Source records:

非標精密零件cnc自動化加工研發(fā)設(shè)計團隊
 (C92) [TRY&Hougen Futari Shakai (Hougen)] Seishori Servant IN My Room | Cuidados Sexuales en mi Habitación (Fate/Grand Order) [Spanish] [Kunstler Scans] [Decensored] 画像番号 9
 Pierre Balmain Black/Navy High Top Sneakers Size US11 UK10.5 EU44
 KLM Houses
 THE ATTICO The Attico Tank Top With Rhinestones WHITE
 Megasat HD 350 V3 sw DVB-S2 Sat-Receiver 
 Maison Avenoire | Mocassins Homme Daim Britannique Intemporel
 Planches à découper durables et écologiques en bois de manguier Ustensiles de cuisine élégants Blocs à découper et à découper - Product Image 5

What you need to do:
What should appear is an exact copy of the lines from the one with "THE ATTICO The" through the end of the entries above, ends included, and no other text.

Output below:
 THE ATTICO The Attico Tank Top With Rhinestones WHITE
 Megasat HD 350 V3 sw DVB-S2 Sat-Receiver 
 Maison Avenoire | Mocassins Homme Daim Britannique Intemporel
 Planches à découper durables et écologiques en bois de manguier Ustensiles de cuisine élégants Blocs à découper et à découper - Product Image 5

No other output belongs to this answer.